**DATA PROVIDED**
::::::
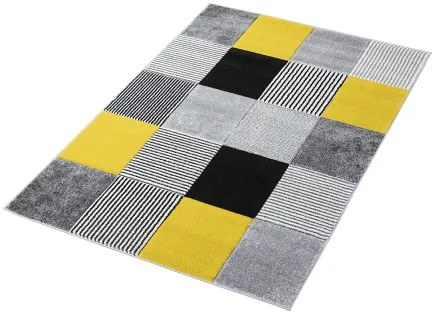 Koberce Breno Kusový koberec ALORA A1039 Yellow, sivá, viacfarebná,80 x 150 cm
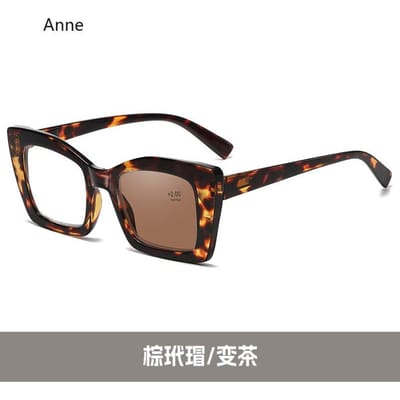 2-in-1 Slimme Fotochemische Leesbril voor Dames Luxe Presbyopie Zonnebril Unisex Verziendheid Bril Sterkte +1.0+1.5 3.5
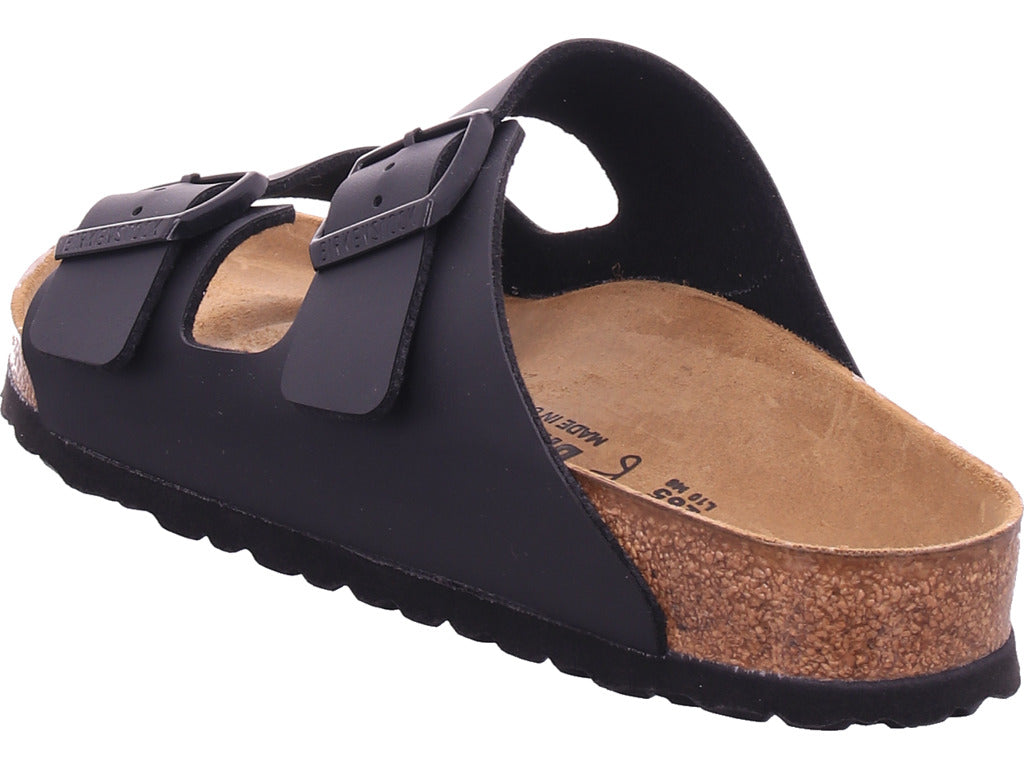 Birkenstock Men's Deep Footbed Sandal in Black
::::::
Would you output the data exactly, without any of its images?

**TASK ANSWER**
 Koberce Breno Kusový koberec ALORA A1039 Yellow, sivá, viacfarebná,80 x 150 cm
 2-in-1 Slimme Fotochemische Leesbril voor Dames Luxe Presbyopie Zonnebril Unisex Verziendheid Bril Sterkte +1.0+1.5 3.5
 Birkenstock Men's Deep Footbed Sandal in Black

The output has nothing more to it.